En ce sens, nous pouvons donc affirmer que les interrogatoires de police sont suffisamment encadrés au niveau juridique. Si, dans un pays démocratique, il s'agit-là d'une nécessité indiscutable, celle-ci a néanmoins un prix. Le policier doit, dans des délais très brefs, exécuter un nombre important de missions, se soucier de respecter la procédure pénale et s'assurer de bien remplir tous les documents ad hoc. Il peut ainsi être débordé administrativement ou se retrouver dans des contextes peu habituels, par exemple face à un ou des avocats aguerris. Dans ce cas, la forme l'emporte sur le fond. Inconsciemment, le but de l'entretien se met à basculer dans le respect de la forme prescrite au détriment de la manifestation de la vérité.

Alors, pour un policier ou un gendarme, comment combiner le respect de la procédure avec le droit des parties et la volonté de mener à bien sa mission ? Nous estimons que la meilleure piste se trouve dans la formation. Car si les enquêteurs sont de mieux en mieux formés aux questions procédurales, aux droits de l'homme, à la psychologie sociale ainsi qu'à l'éthique, la tactique et la stratégie n'est que peu enseignée. Le policier ou le gendarme se forme encore de manière empirique, s'inspirant de ses pairs, sans réellement savoir si la finalité de l'entretien aurait été différente en usant spécifiquement de techniques et de stratégies existantes et éprouvées.

Il convient avant tout de désacraliser l'aveu. En effet, le but d'un entretien consiste à obtenir la version la plus proche et objective du déroulement des faits, de même qu´à récolter un maximum d'informations mensongères pour ensuite confronter la personne entendue aux éléments contradictoires, stabilisés au cours de l'enquête. Avec cette simple règle, chaque enquêteur peut se délecter des fausses explications fournies par un suspect, sans avoir besoin d'absolument obtenir un aveu qui, parfois, ne représente pas la vérité ou s´en éloigne. Mais pour y parvenir, l'enquêteur doit user de techniques, de tactiques et de stratégies adaptées et précises. N'importe quel individu, même le criminel le plus endurci, ressent des émotions qu'il peine à cacher. Il cherche à savoir quelles sont les informations en possession de la police. Lui indiquer les risques encourus et quelle sera la suite de la procédure n´équivaut pas à le menacer, mais à lui expliquer en détail le déroulement des événements. Continuer à lui parler, sans faire pression, pour énumérer les preuves récoltées à son encontre ne signifie pas que la police ne respecte pas son droit au silence.  Ainsi, un enquêteur utilisera la ruse et non le mensonge ou la tromperie lorsqu'il distille sciemment des informations qu'il connaît, pour faire réaliser au suspect qu'il sait déjà tout ou partie de la vérité.
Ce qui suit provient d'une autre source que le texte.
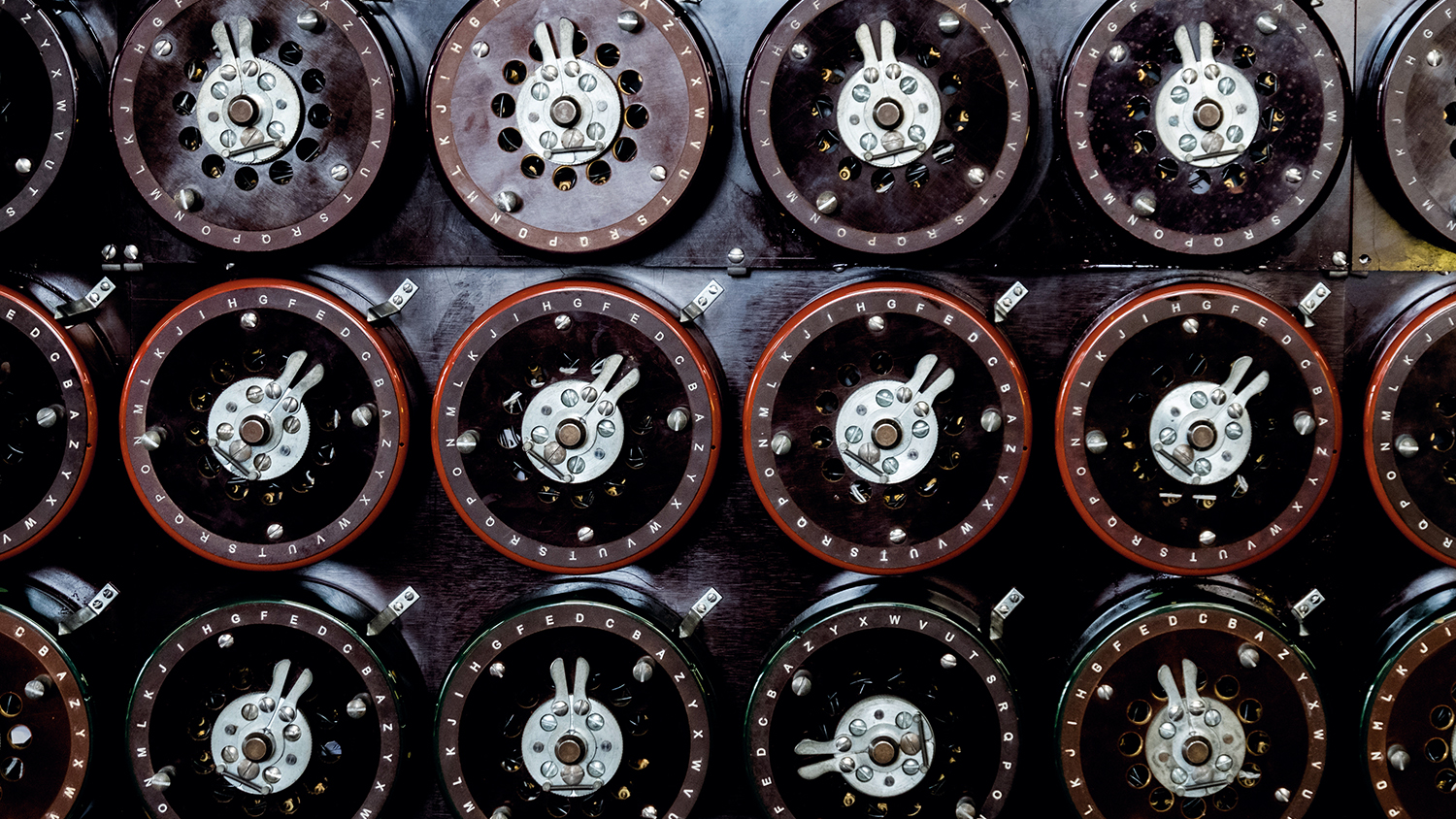 Bletchley Park estate management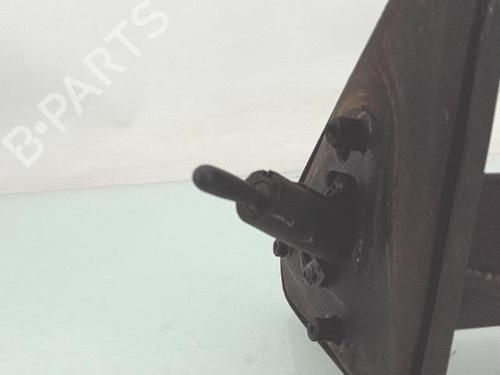 Right mirror RENAULT CLIO II (BB_, CB_) 1.5 dCi (B/CB07) | BP29521317C27 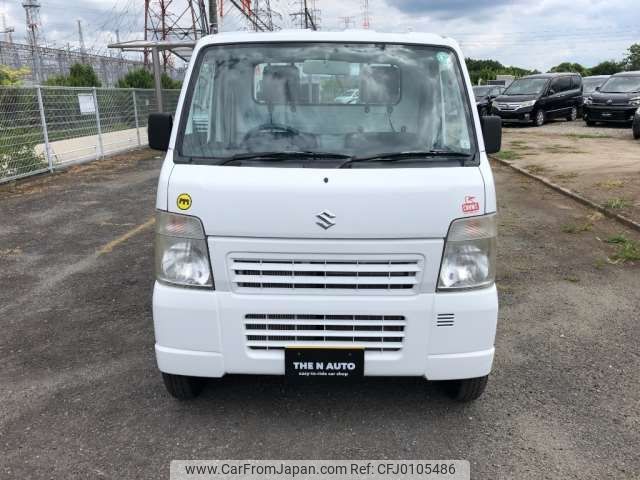 suzuki carry-truck 2012 -SUZUKI 【大阪 480ﾂ3199】--Carry Truck EBD-DA63T--DA63T-760647---SUZUKI 【大阪 480ﾂ3199】--Carry Truck EBD-DA63T--DA63T-760647- image 2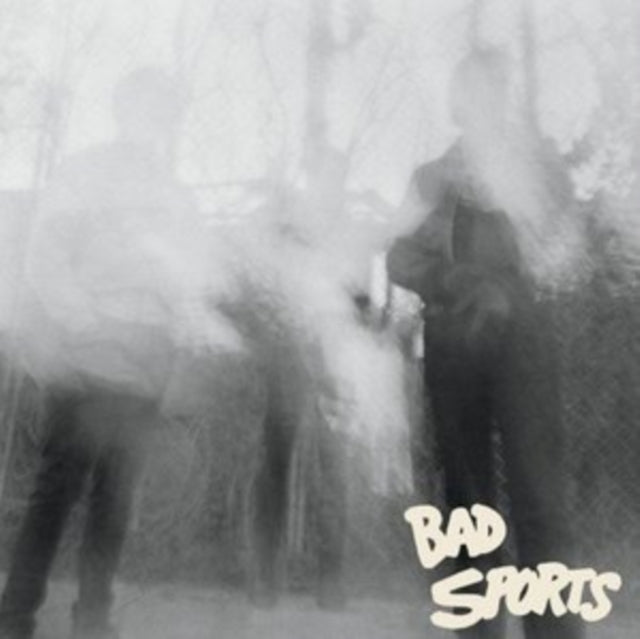 BAD SPORTS | LIVING WITH SECRETS | 12IN VINYL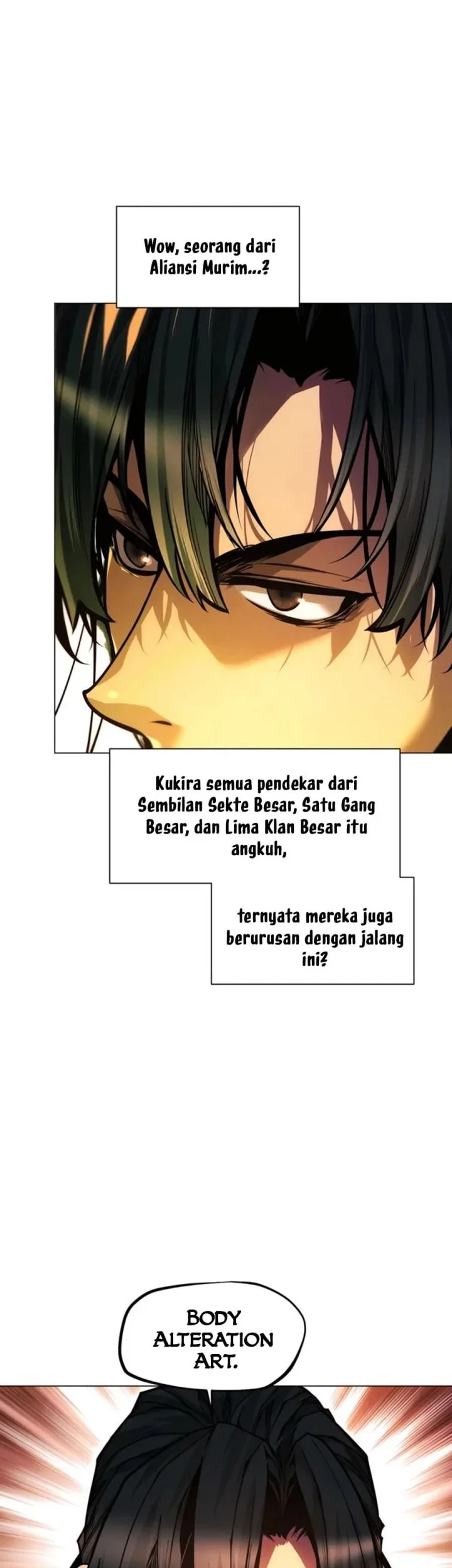 Modern Man Who Fall Into Murim Chapter 130 Gambar 34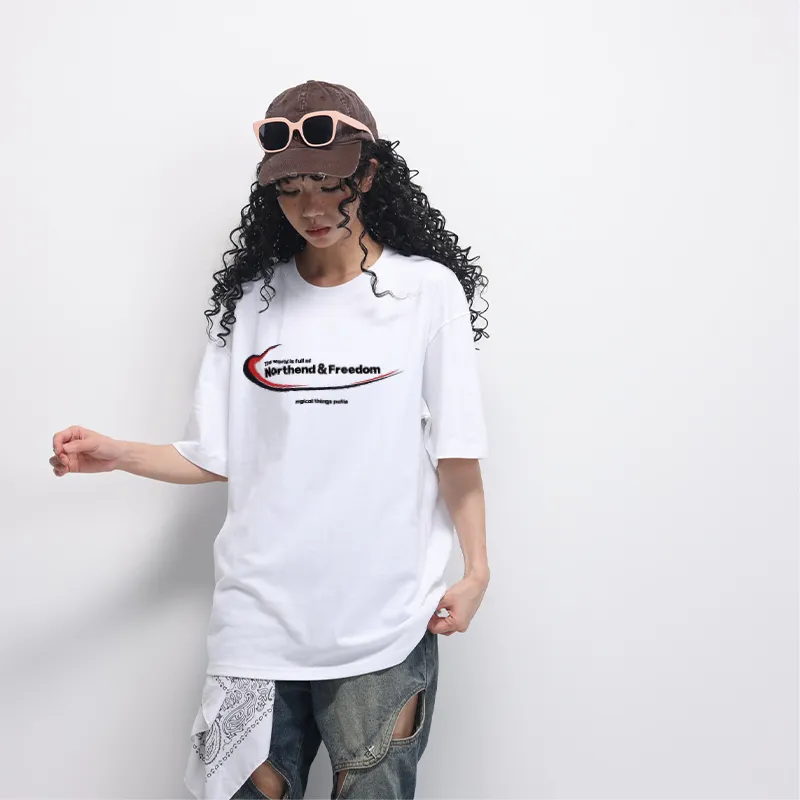 Northend T-Shirts Unisex-8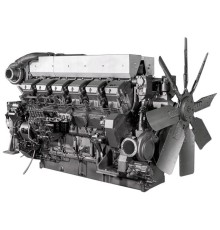 Mitsubishi S12R-PTA2-C Mitsubishi S12R-PTA2-C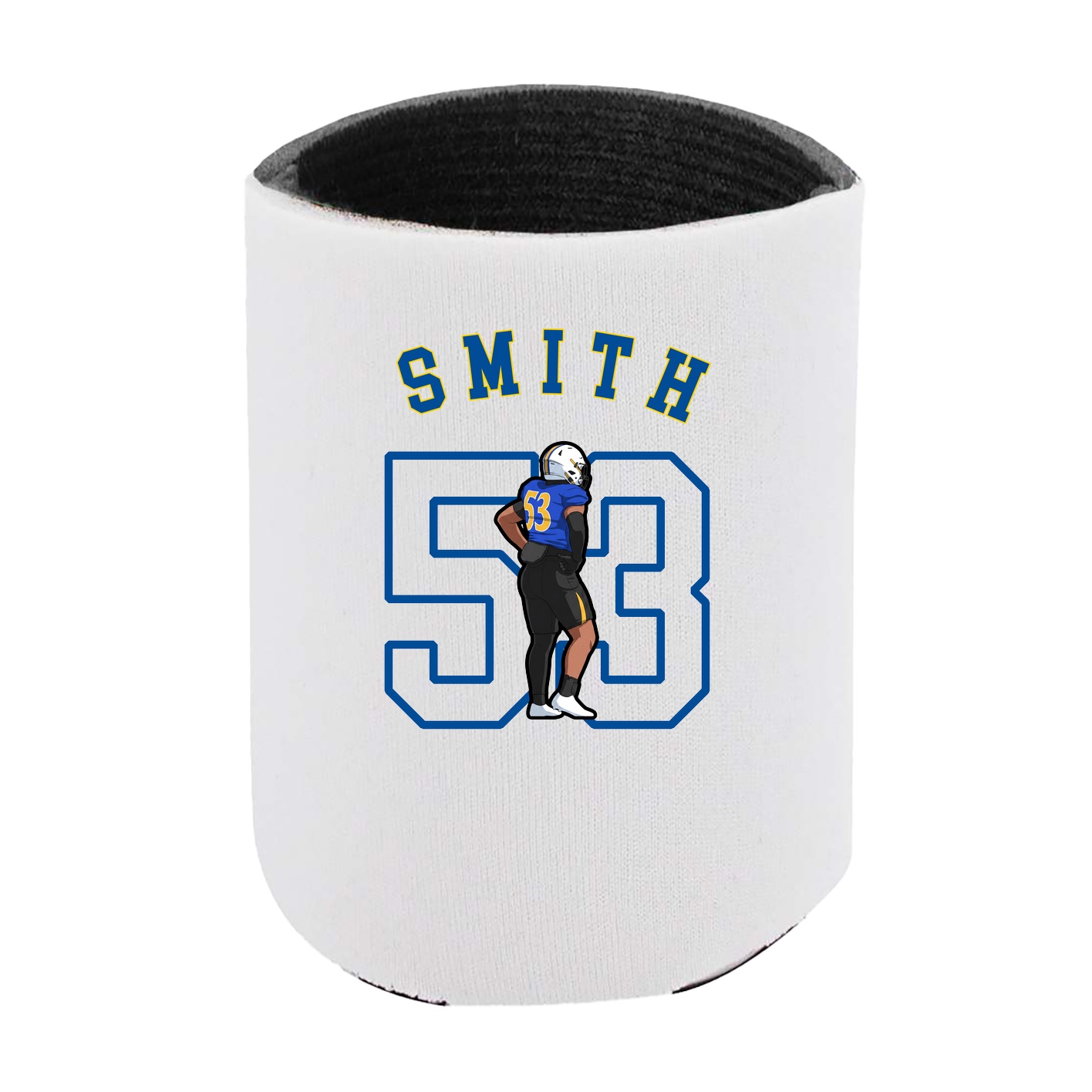 Can Holder — Shirsey Arch in White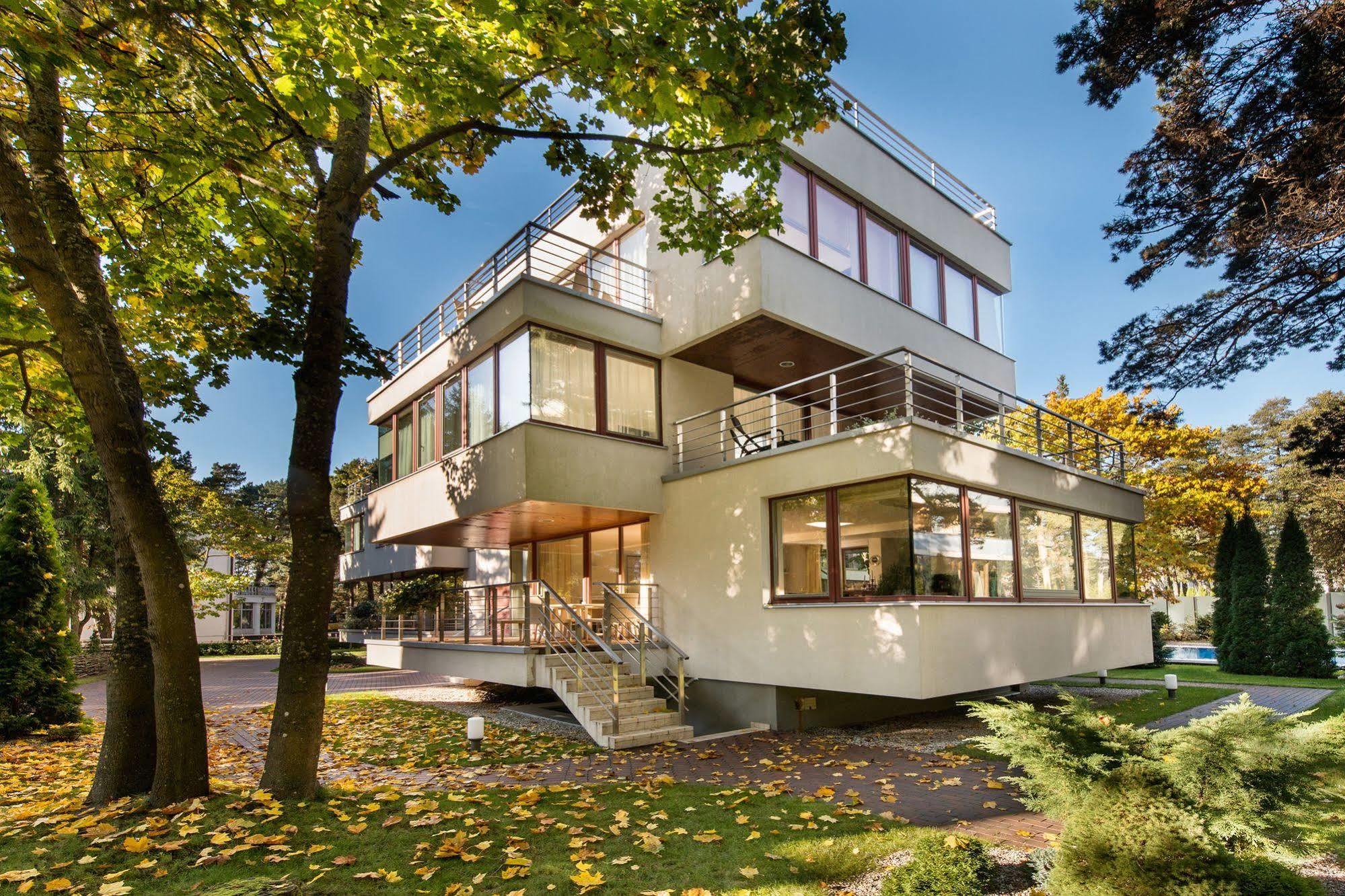 Apartamentai Tylios Pusys بالانغا المظهر الخارجي الصورة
Un entretien de police n'est pas un acte isolé, mais bel et bien une des étapes de l'enquête. A lui seul, il n'apportera jamais tous les éléments nécessaires pour mener à bien une procédure.

L'encadrement juridique existant, associer le policier à une meilleure formation en matière d'interrogatoires et d'auditions a un sens : celui d'agir dans le respect de toutes les parties, tout en donnant le plus de crédit et de compétences possibles au policier et au gendarme pour lui permettre de mener à bien ses missions avec conviction, humanisme et dignité.